4.3.3 - Sulcos e Canais

    Por vezes as covinhas apresentam pequenos "sulcos" ou "canais" que as ligam. Estes sulcos parecem canalizar líquidos de uma covinha para outra. Encontramos por vezes uma covinha de maiores dimensões como ponto central de onde partem os sulcos. A maior parte destes painéis com covinhas e sulcos surge na horizontal ou em planos inclinados.
Apresentamos algumas hipóteses para estas covinhas e sulcos:
- Uma expressão artística.
- Dos Mapas falaremos mais à frente.
- Um processo de decantação para apurar o liquido ou para retirar o liquido recolhendo o que ficasse no fundo das covinhas (mineração?).
- Intenção de drenar as covinhas para que estas não acumulassem água.
- Canalizar líquidos numa qualquer libação. Por exemplo recolhendo e canalizando o sangue num qualquer sacrifício.
- Parte de um  Ritual criando um efeito cénico com as libações escorrendo lentamente pela Rocha-Altar.
    As duas últimas hipóteses parecem bastante interessantes. Passamos a apresentar alguns exemplos:
    Na Figura 40 apresentamos um painel inclinado na Serra da Pedras (Reguengos de Monsaraz) com covinhas a preto e sulcos a branco. Na mesma Figura (à direita) temos o efeito cénico criado pelo derrame de leite nas covinhas.
    Na Figura 41 vamos encontra covinhas e sulcos mesmo ao lado da Ermida de S. Lázaro em Monsaraz.
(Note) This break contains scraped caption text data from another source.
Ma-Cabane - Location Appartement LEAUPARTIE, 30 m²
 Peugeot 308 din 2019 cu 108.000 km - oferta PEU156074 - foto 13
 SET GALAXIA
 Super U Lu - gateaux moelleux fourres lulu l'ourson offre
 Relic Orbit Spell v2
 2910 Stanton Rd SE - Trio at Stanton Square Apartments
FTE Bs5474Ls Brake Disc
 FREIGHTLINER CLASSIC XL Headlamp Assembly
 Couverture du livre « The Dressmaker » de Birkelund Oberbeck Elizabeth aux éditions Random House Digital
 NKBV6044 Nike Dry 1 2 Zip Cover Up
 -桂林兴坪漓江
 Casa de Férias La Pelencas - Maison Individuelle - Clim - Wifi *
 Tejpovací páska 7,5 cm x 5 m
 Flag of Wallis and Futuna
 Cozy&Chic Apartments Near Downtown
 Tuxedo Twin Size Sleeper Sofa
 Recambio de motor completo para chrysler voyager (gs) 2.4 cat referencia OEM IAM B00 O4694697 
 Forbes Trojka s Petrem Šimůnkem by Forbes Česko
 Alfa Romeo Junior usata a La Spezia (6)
Aqui a covinha central apresenta maiores dimensões.
    Na Figura 42, ainda em Monsaraz,  muito perto da Ermida de S. Cristovão encontramos um autêntico Santuário. Num dos painéis encontramos várias covinhas alinhadas ao longo de um balcão cortado no xisto. Noutro painel vemos várias covinhas de pequenas dimensões e sem sulcos. Encontramos também covinhas isoladas de grandes dimensões ou ligadas por sulcos a outras mais pequenas. Tudo isto recheado de Graffiti Histórico.
    Apresentamos a hipótese dos painéis com covinhas e sulcos de S. Lázaro e S. Cristovão fazerem parte de um qualquer ritual de proteção dos viajantes (peregrinação?). A Ermida de S. Lázaro encontra-se numa encruzilhada de ladeiras que descem de Monsaraz e seguiam para Espanha atravessando o Rio Guadiana. A Ermida de S. Cristovão fica muito perto de uma outra ladeira que vem de Monsaraz e leva-nos à Barca para Mourão e Espanha.
    Na Figura 43 temos um painel com covinhas e sulcos datado da Idade do Ferro (Val Chisoen em Itália). As covinhas maiores são autênticas pias. Estas pias são bem cilíndricas com os lados verticais e o fundo plano. Muito semelhantes às pias que encontramos no Alto de S. Bento em Évora (na mesma Figura a foto do canto inferior direito). Encontramos em S Bento evidências de uma pia que pode ter sido feita já com ferramentas de metal.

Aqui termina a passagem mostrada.